Manual

To browse through the corpus, and see what meaning representations are assigned to texts, go to the explorer. The explorer is a tool to browse through the parallel corpus. It shows one document (a sentence or a short text) at a time, in at least two languages (of which one is always English). If you want to see the translation, click on German, Dutch or Italian. To find more about the semantic analysis of a text, select one of the following five tabs:

  • raw
    the document in its raw format;
  • tokens
    showing the result of segmentation, the text being split into word and sentence tokens;
  • alignment
    sentence alignment for languages other than English;
  • sentences
    syntactic and semantic analysis for each sentence;
  • discourse
    the meaning representation for the entire text.

The document set has a unique identifier, consisting of a two-digit part (ranging from 00 to 99) and a four-digit document number (ranging from 0000 to 9999). There are three tabs with extra information about the analysed text:

  • metadata
    source of the document, language, terms of use;
  • bits of wisdom
    individual (manual) annotation that corrected machine output;
  • warnings
    all warnings produced by the semantic technology pipeline producing the initial analysis.

Documents are sorted on size. You can select a different document by clicking on the icons on the top (previous, random, or next). Documents are regularly reprocessed as soon as there are updates in the models or annotations. It is also possible to force reprocessing by clicking the circular icon on the top of the screen.

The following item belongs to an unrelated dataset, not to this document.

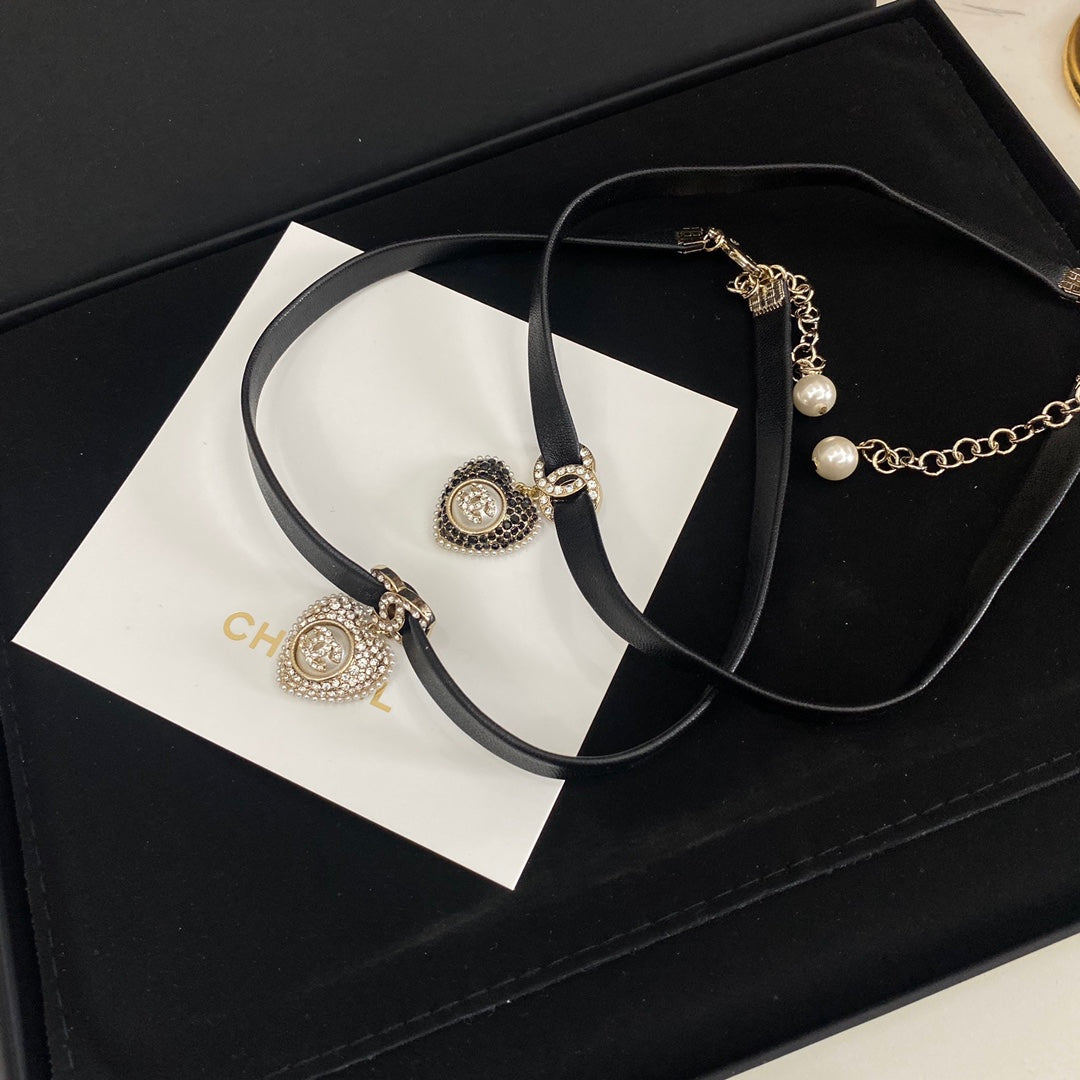 Heart Diamond Chocker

The sentences environment is where it all happens. This is the most exciting part, where the semantic analysis of the words (lexical semantics) and the sentences (compositional semantics) is shown. You can select the layers of analysis that you want to see for a sentence:

  • sem
    the semantic tag (part-of-speech tagging for semanticists);
  • sym
    the non-logical symbol (basically: lemmatisation and normalisation);
  • sns
    the WordNet synset of which the word is a member;
  • rol
    the VerbNet roles selected for a word with a functional category;
  • ref
    information about the antecedent of a referring expression;
  • cat
    the supertag, a.k.a. lexical category in combinatorial categorial grammar
  • drs
    the lexical semantics in the format of a discourse representation structure.
At this point you probably think we are particularly fond of three-letter acronyms. Well, that's true. We think they are great.